Re: [RFC][Patch v8 0/7] KVM: Guest Free Page Hinting

From: Nitesh Narayan Lal <nitesh@redhat.com>
To: David Hildenbrand <david@redhat.com>
Cc: kvm@vger.kernel.org, linux-kernel@vger.kernel.org,
	pbonzini@redhat.com, lcapitulino@redhat.com, pagupta@redhat.com,
	wei.w.wang@intel.com, yang.zhang.wz@gmail.com, riel@surriel.com,
	dodgen@google.com, konrad.wilk@oracle.com, dhildenb@redhat.com,
	aarcange@redhat.com, Alexander Duyck <alexander.duyck@gmail.com>,
	"Michael S. Tsirkin" <mst@redhat.com>
Subject: Re: [RFC][Patch v8 0/7] KVM: Guest Free Page Hinting
Date: Tue, 19 Feb 2019 09:17:43 -0500	[thread overview]
Message-ID: <0d7ff493-71f3-8707-8400-b51f1ce1a2bd@redhat.com> (raw)
In-Reply-To: <1abac6db-5e1a-2889-9831-707c2b78b0f3@redhat.com>

[-- Attachment #1.1: Type: text/plain, Size: 4334 bytes --]

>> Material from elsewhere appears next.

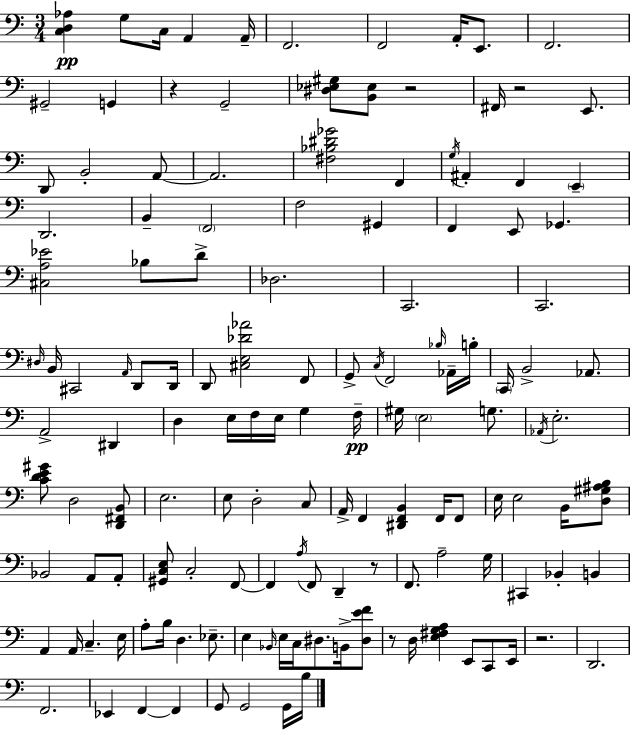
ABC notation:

On 2/19/19 8:03 AM, David Hildenbrand wrote:
>>>>> There are two main ways to avoid allocation:
>>>>> 1. do not add extra data on top of each chunk passed
>>>> If I am not wrong then this is close to what we have right now.
>>> Yes, minus the kthread(s) and eventually with some sort of memory
>>> allocation for the request. Once you're asynchronous via a notification
>>> mechanisnm, there is no real need for a thread anymore, hopefully.
>> Whether we should go with kthread or without it, I would like to do some
>> performance comparison before commenting on this.
>>>> One issue I see right now is that I am polling while host is freeing the
>>>> memory.
>>>> In the next version I could tie the logic which returns pages to the
>>>> buddy and resets the per cpu array index value to 0 with the callback.
>>>> (i.e.., it happens once we receive an response from the host)
>>> The question is, what happens when freeing pages and the array is not
>>> ready to be reused yet. In that case, you want to somehow continue
>>> freeing pages without busy waiting or eventually not reporting pages.
>> This is what happens right now.
>> Having kthread or not should not effect this behavior.
>> When the array is full the current approach simply skips collecting the
>> free pages.
> Well, it somehow does affect your implementation. If you have a kthread
> you always have to synchronize against the VCPU: "Is the pcpu array
> ready to be used again".
>
> Once you do it asynchronously from your VCPU without another thread
> being involved, such synchronization is not required. Simply prepare a
> request and send it off. Reuse the pcpu array instantly. At least that's
> the theory :)
>
> If you have a guest bulk freeing a lot of memory, I guess temporarily
> dropping free page hints could be counter-productive. It really depends
> on how fast the thread gets scheduled and how long the hinting process
> takes. Having another thread involved might add a lot to that latency to
> that formula. We'll have to measure, but my gut feeling is that once we
> do stuff asynchronously, there is no need for a thread anymore.
This is true.
>
>>> The callback should put the pages back to the buddy and free the request
>>> eventually to have a fully asynchronous mechanism.
>>>
>>>> Other change which I am testing right now is to only capture 'MAX_ORDER
>>> I am not sure if this is an arbitrary number we came up with here. We
>>> should really play with different orders to find a hot spot. I wouldn't
>>> consider this high priority, though. Getting the whole concept right to
>>> be able to deal with any magic number we come up should be the ultimate
>>> goal. (stuff that only works with huge pages I consider not future
>>> proof, especially regarding fragmented guests which can happen easily)
>> Its quite possible that when we are only capturing MAX_ORDER - 1 and run
>> a specific workload we don't get any memory back until we re-run the
>> program and buddy finally starts merging of pages of order MAX_ORDER -1.
>> This is why I think we may make this configurable from compile time and
>> keep capturing MAX_ORDER - 1 so that we don't end up breaking anything.
> Eventually pages will never get merged. Assume you have 1 page of a
> MAX_ORDER - 1 chunk still allocated somewhere (e.g. !movable via
> kmalloc). You skip reporting that chunk completely. Roughly 1mb/2mb/4mb
> wasted (depending on the arch). This stuff can sum up.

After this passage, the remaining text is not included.